Worker's Schedule Optimization
Worked directly with the CTO of Sydney’s leading online platform for home cleaning services to develop efficient schedules for cleaners that minimized travel time and distance between jobs using shortest-path optimization algorithms and the Google Maps API. I also studied customer satisfaction and churn rates using Decision Trees with Bagging, Random Forest, Boosting, Logistic, and K-Nearest Neighbors models.
TidyMe: an Uber for home cleaners
TidyMe is an online platform connecting experienced cleaners with people wanting their house or workplace cleaned weekly, biweekly, or monthly. The company was founded in July of 2014 and is based out of Sydney, Australia with operation expanding to Melbourne and Brisbane.
In the fall of 2016, I worked with TidyMe for my final project in the Data Science Immersive course through General Assembly. As a group project, my class analyzed churn rates to look at why customers were leaving and from those results I decided to take on a project of my own working to optimize cleaner’s schedules by reducing time and travel distances between jobs.
Churn Analysis
The analysis was split into two parts: looking at the reason customers who had their house cleaned were leaving the service and the reason the house cleaners were leaving. After initial cleaning and visualization of the data, we fit seven different grid-searched models and used feature selection on the best models to find the features with the highest importance in determining retention rate.
Initial exploratory analysis began with a Seaborn pair-plot to find any visual trends between the 30 features in the data with the boolean account-deleted variable or the dates leading up to the customers inactivity. Features were narrowed down to the marketing first touch, age of the customer, price scheme, number of cleaners on the job, any dates a whole job was canceled, and the dates of any specific weekly or biweekly clean that was canceled or postponed.
After building several models with grid searched parameters and comparing them with the Dummy Classifier, the most accurate models turned out to be AdaBoost and a Random Forest with Bagging. Both models yielded an area of 0.95 under their Receiver Operating Characteristic curve.

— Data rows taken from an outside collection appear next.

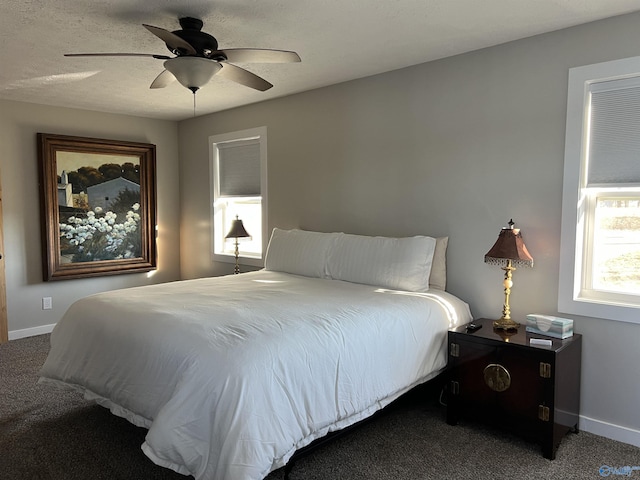 bedroom featuring ceiling fan, carpet flooring, and baseboards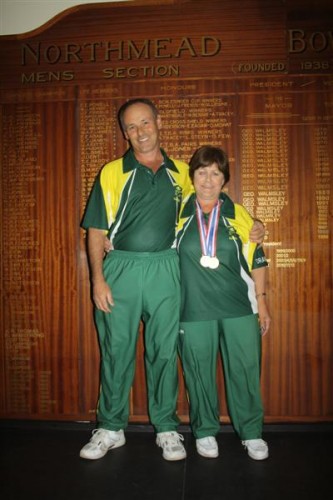 Paul and May Homer in front of the Northmead Bowling Club’s honours board. The husband and wife duo brought home gold from the World Bowls Championship in England.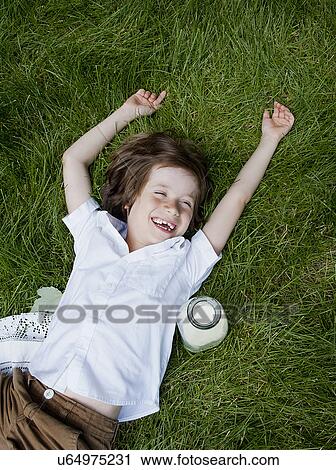 Boy lying on grass laughing View Large Photo Image Stock Image - Boy lying on grass laughing. Fotosearch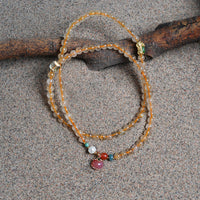 Three-circle yellow crystal peach pendant bracelet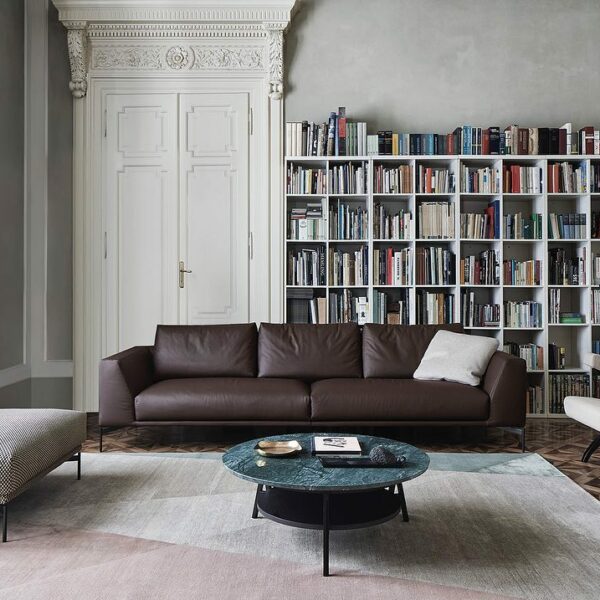 Sleek chocolate sofa featured in living room.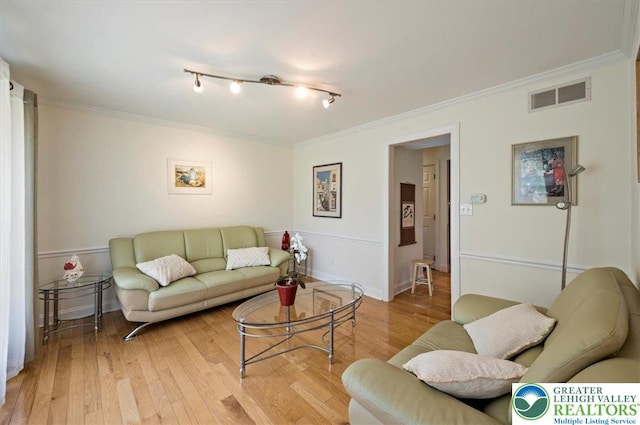 living area with crown molding, light wood finished floors, and visible vents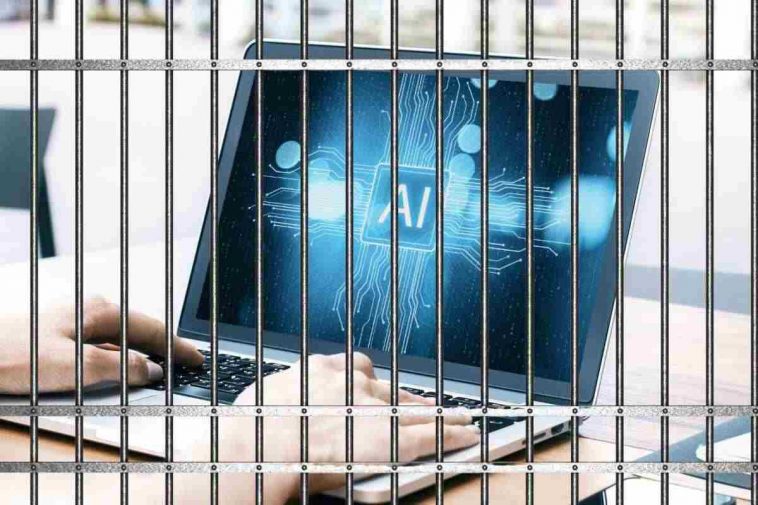 uomo al pc dietro le sbarre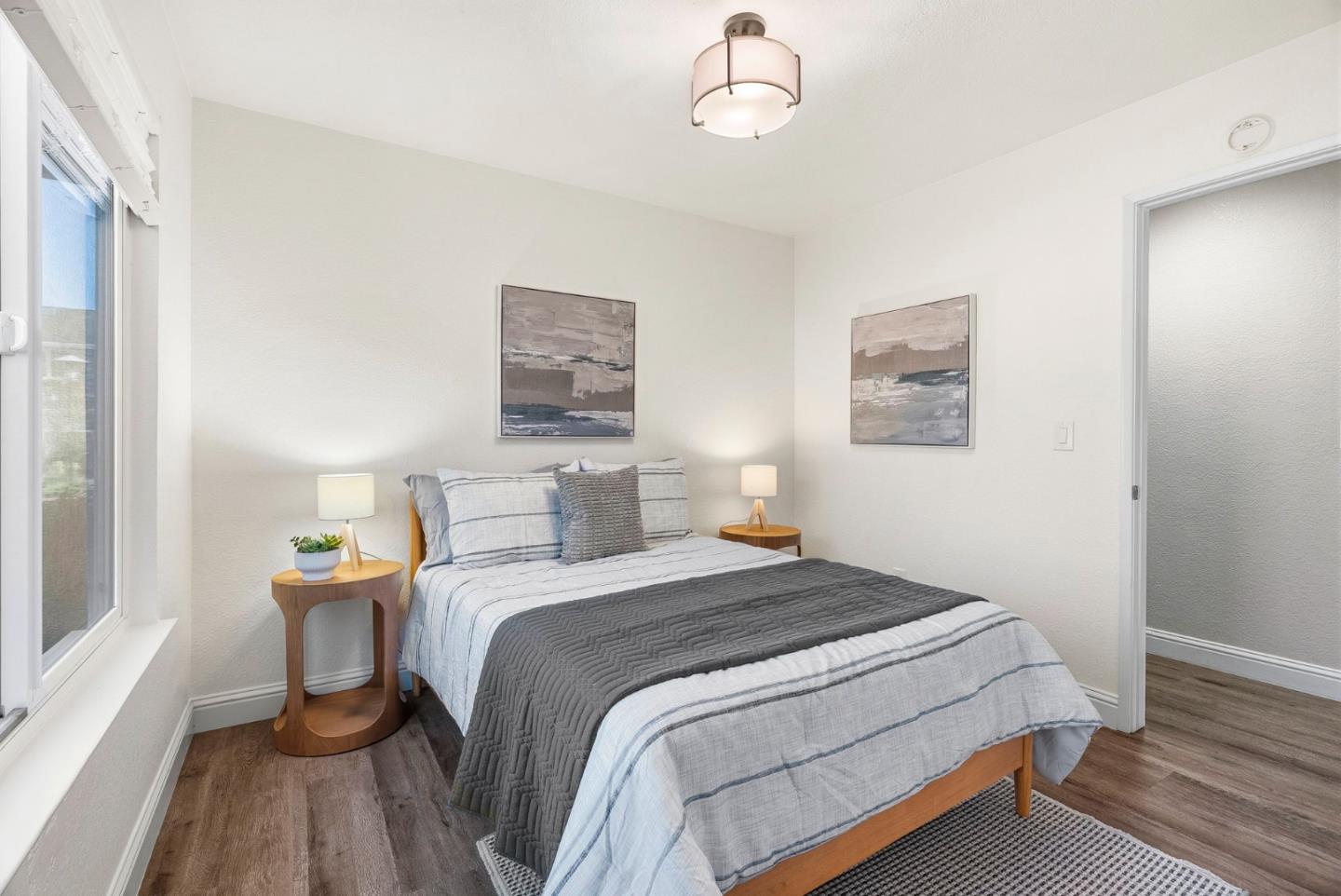 297 Perch Way Aptos, CA 95003 - Photo 21 of 42 a bedroom with a bed and wooden floor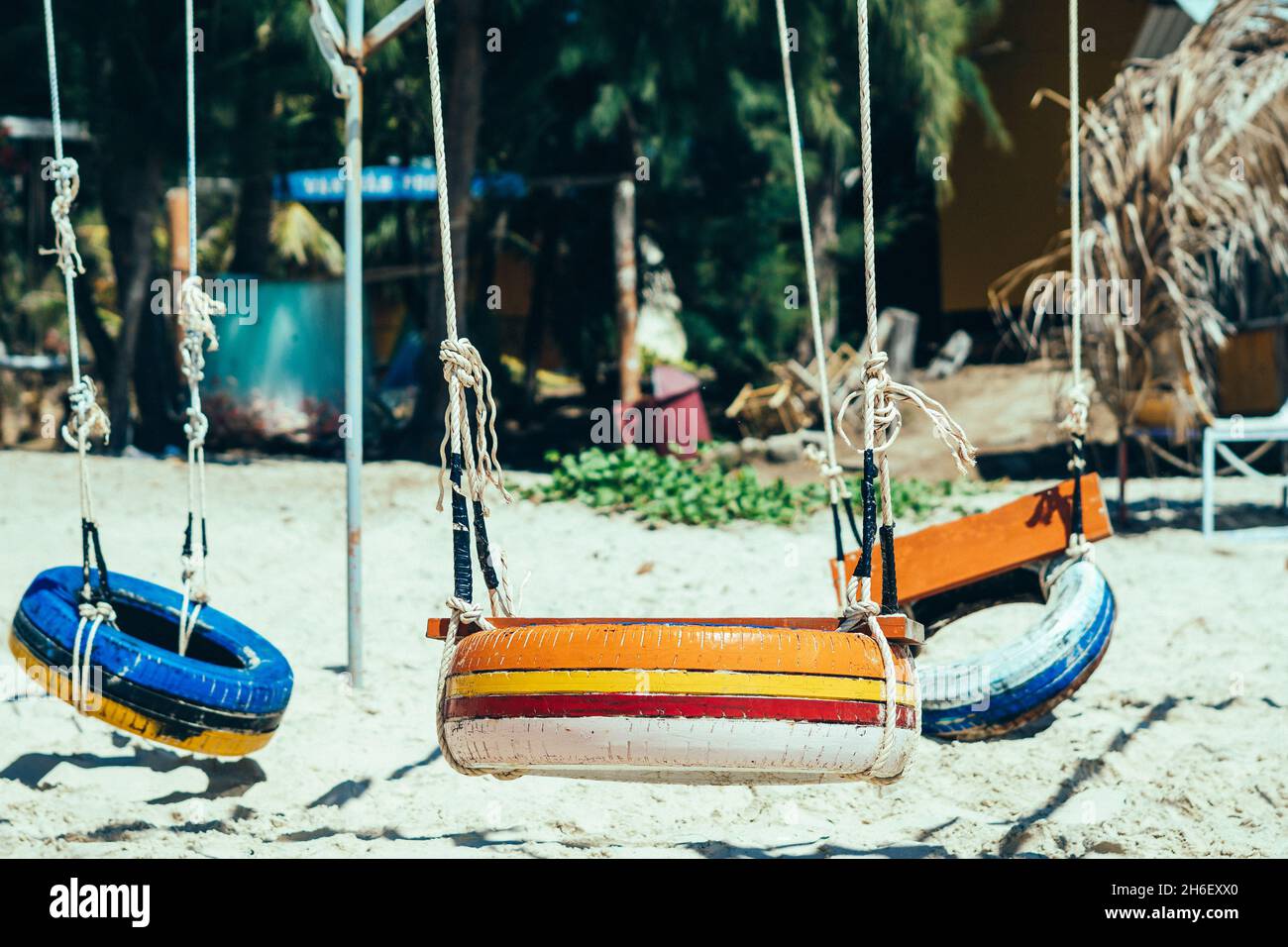 Copiar espacio Hang cuerda swing neumáticos viejos pintura multicolor brillante naranja azul amarillo. Naturaleza arena playa palmeras fondo. Día sol verano simple alegría diversión Foto de stock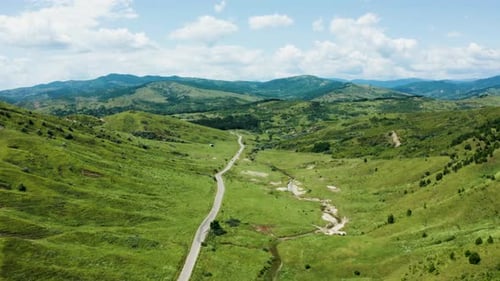 Aerial Drone Footage of Beautiful Landscape in Rural Area with Mountains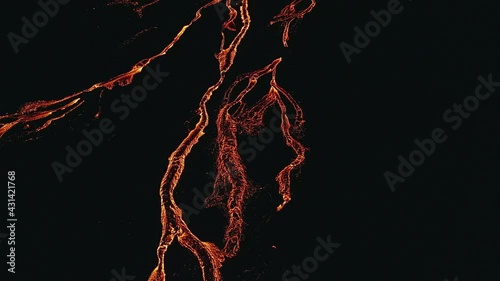 Aerial drone view over glowing, blood red lava veins, at the Geldingadalir Volcano photo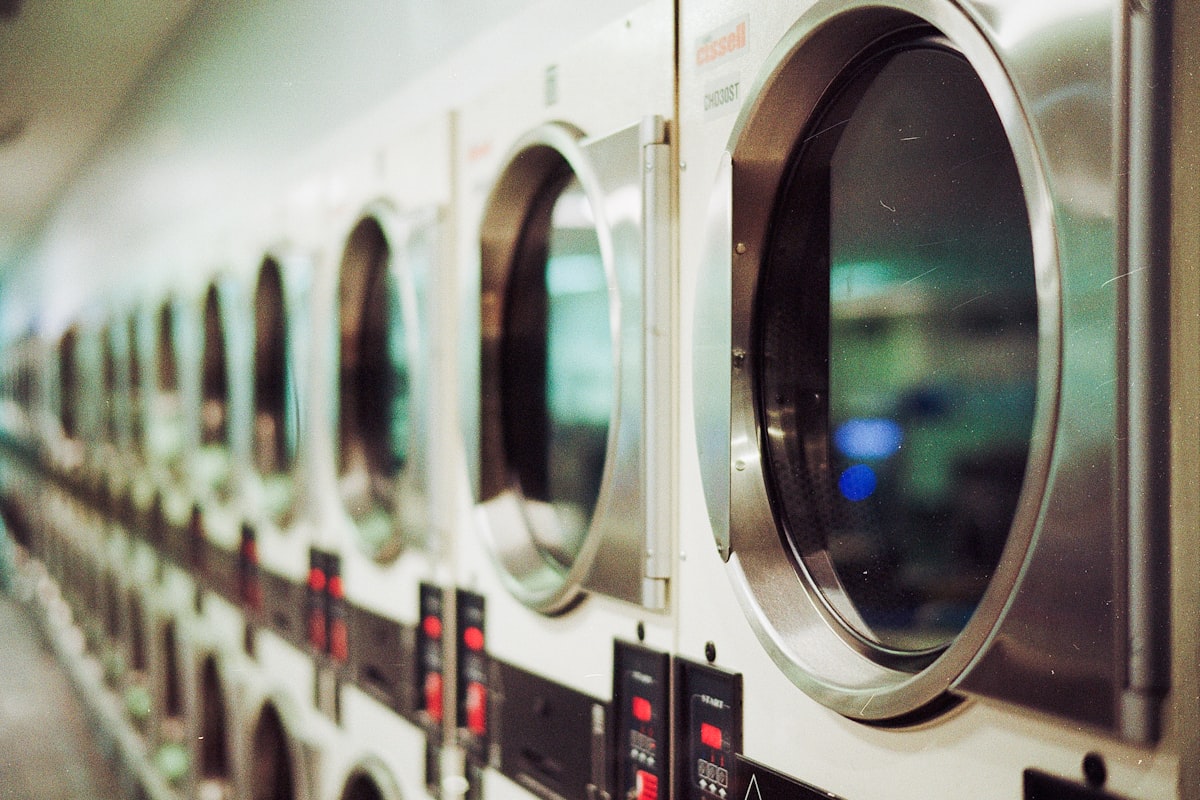 Row of commercial clothes dryers, the machines a vent line serves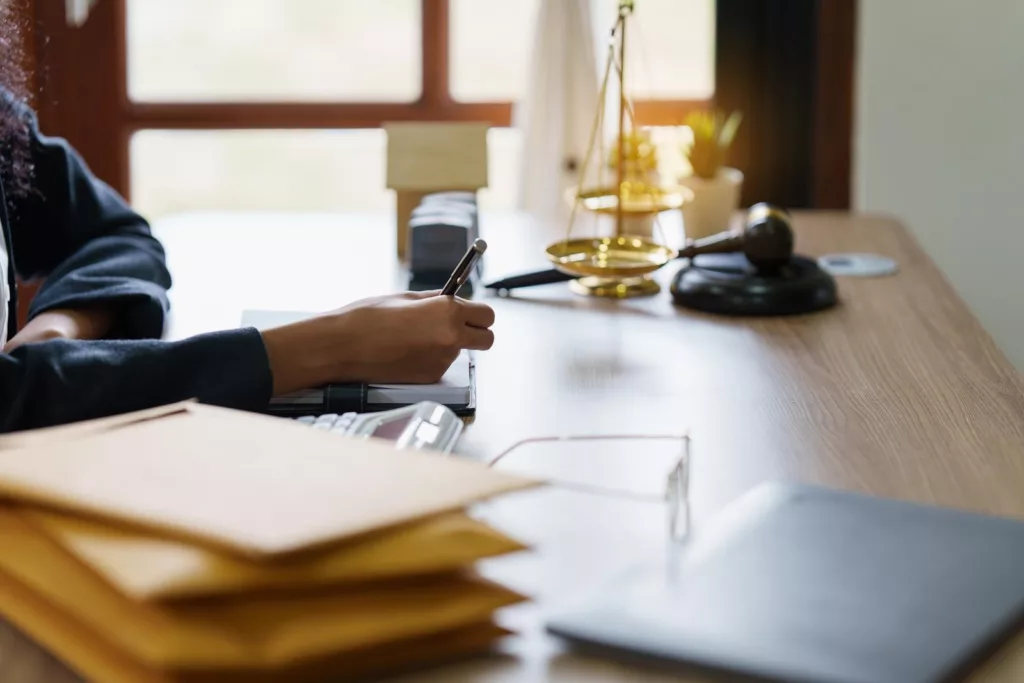 Car accident lawyer at desk – why hire an attorney after a car accident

Feature performance was then used to determine that age of the customer and price of the clean were the best predictors of customer churn.
A similar process was used to analyze why cleaners were leaving the service which showed long distances and waiting periods between jobs have a high correlation to cleaner churn. After the results of this analysis were presented, TidyMe wanted me to focus on optimizing the schedules of cleaners so the number of cleaners leaving the service may be reduced.
Cleaner Schedule Optimization
The online platform for the cleaners includes a monthly schedule where the user can pick which jobs they want to do in their area. The interface was set up to show only the name of the customer and the time for the clean. It did not show locations so job schedules ended up being inefficient and inconvenient for the cleaners leading to unhappy cleaners who eventually left the service. When cleaners leave the service or even just cancel a job, this leaves jobs unassigned so admin must call around to other cleaners to fulfill the clean last minute. The unassigned jobs and last minute scheduling leave no customer to cleaner relationships being built which is essential in building great customer service and growing a business that relies on referral.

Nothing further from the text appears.